DWS, City of Tshwane form joint task team to tackle Hammanskraal water issues

29th May 2023 By: Natasha Odendaal - Creamer Media Senior Deputy Editor

The Department of Water and Sanitation (DWS) and the City of Tshwane (CoT) have formed a joint task team to resolve the current water challenges following an outbreak of cholera in Hammanskraal, in Pretoria.

Water and Sanitation Minister Senzo Mchunu and CoT executive mayor Councillor Cilliers Brink agreed on the proposal for a joint project following a meeting on Friday that highlighted the national urgency of dealing with the water and sanitation challenges in the area.

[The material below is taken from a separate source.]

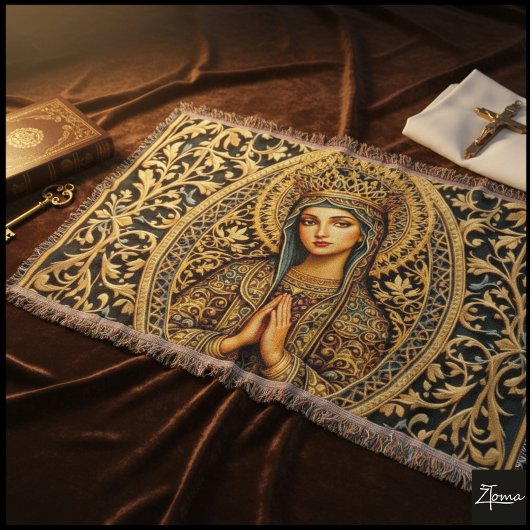 Golden Reverence Virgin Mary Deken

The joint task team will oversee the interventions that are currently being made to solve the problem of depreciating water quality of Temba water treatment works (WTW), as well as an action plan to rehabilitate and upgrade the Rooiwal wastewater treatment works (WWTW) to the required water quality standards.

According to the DWS, it will cost an estimated R6-billion over the next four financial years for the rehabilitation and upgrade of the Rooiwal WWTW and upgrade of the Temba WTW.

As the city does not have the capacity or sufficient funds on its own to address the water and sanitation challenges, the DWS and the CoT will engage the National Treasury to source funds that will supplement the existing funds to ensure the total budget required is secured.

Mchunu, expressing his satisfaction at the agreed proposals, called for both the DWS and CoT to look for one credible model to resolve the problems in Hammanskraal.

“There are historical problems that have contributed to this cholera outbreak, and today we have agreed to close that chapter and to work on finding solutions. We will be working on the processes of ensuring that the projects get underway, and that includes issues of funding and timeframes allocated to the project. We are fully committed to ensure that Rooiwal WTW is fixed, once and for all,” he assured.

Brink, reiterating the same sentiments, indicated the CoT’s agreement on the proposal for a joint project, and to form a partnership with the DWS to solve the long-standing issue of the under-capacitated Rooiwal WTW.

“We have now reached the end of a long line of failures and excuses, and whatever has failed in the past must be abandoned and has now been replaced by the partnership between the city and the DWS. The city will source additional funding and I believe this is a first step for an end to the failures, excuses and the squabbles of the past,” Brink concluded.